■ **Work required**:
Restate word for word the section of the entries that opens at the line containing "Used 2011 Lexus" and closes at the line containing "Thumbnail: 2023 Mazda CX-5 - 10", both lines kept, pictures dropped.

:: Supplied records ::

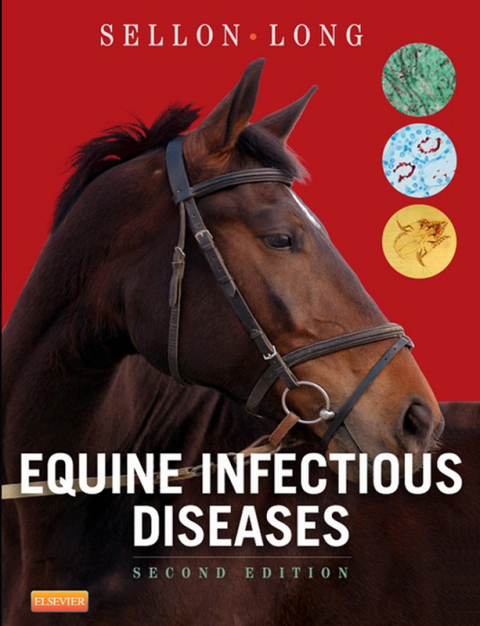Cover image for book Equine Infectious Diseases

:::
:: Supplied records ::

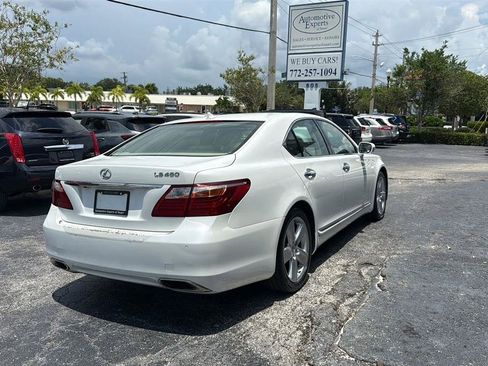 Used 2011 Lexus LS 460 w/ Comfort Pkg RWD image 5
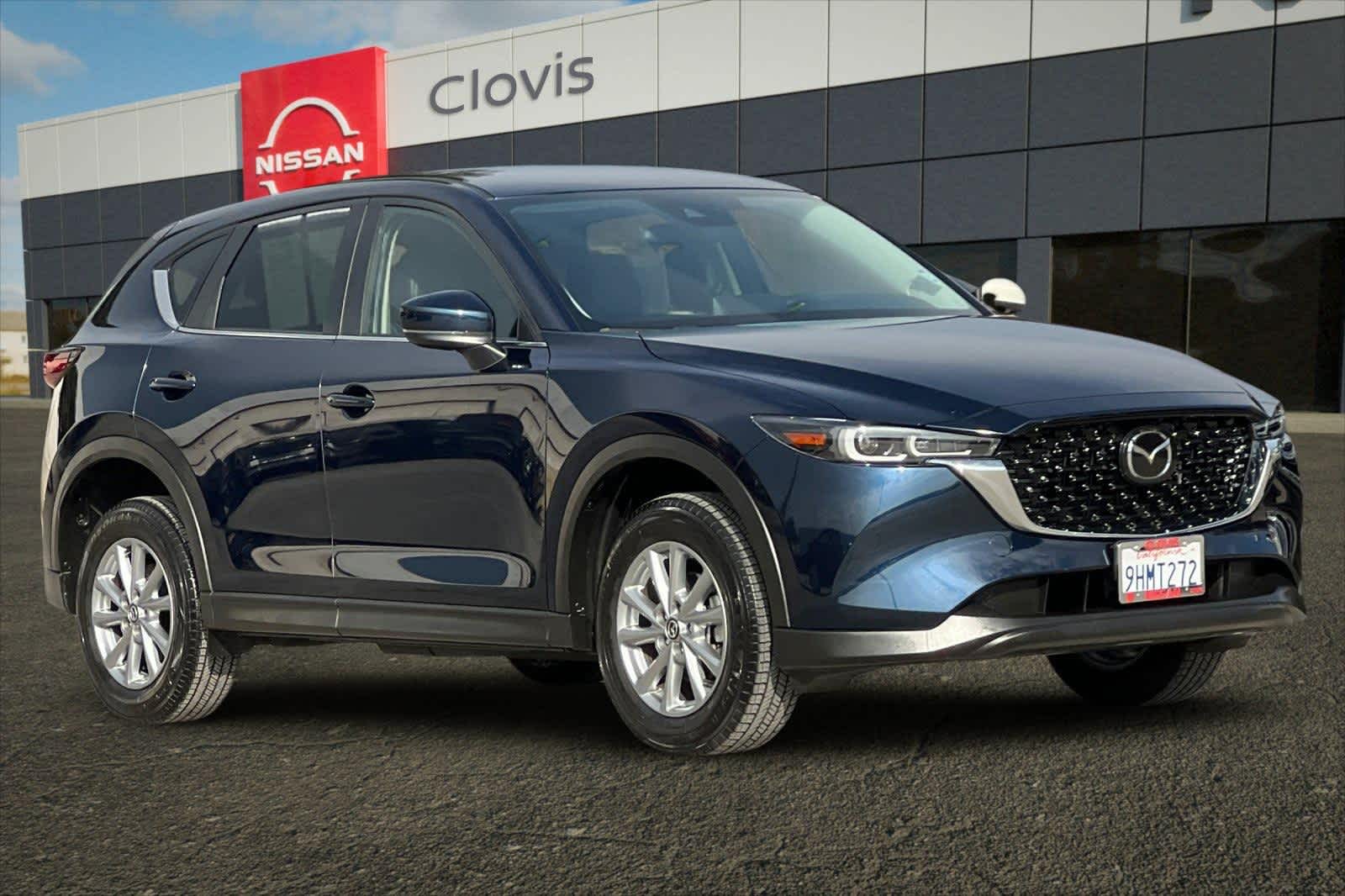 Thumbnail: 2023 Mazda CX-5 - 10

:::

■ **Answer to this problem**:
 Used 2011 Lexus LS 460 w/ Comfort Pkg RWD image 5
 Thumbnail: 2023 Mazda CX-5 - 10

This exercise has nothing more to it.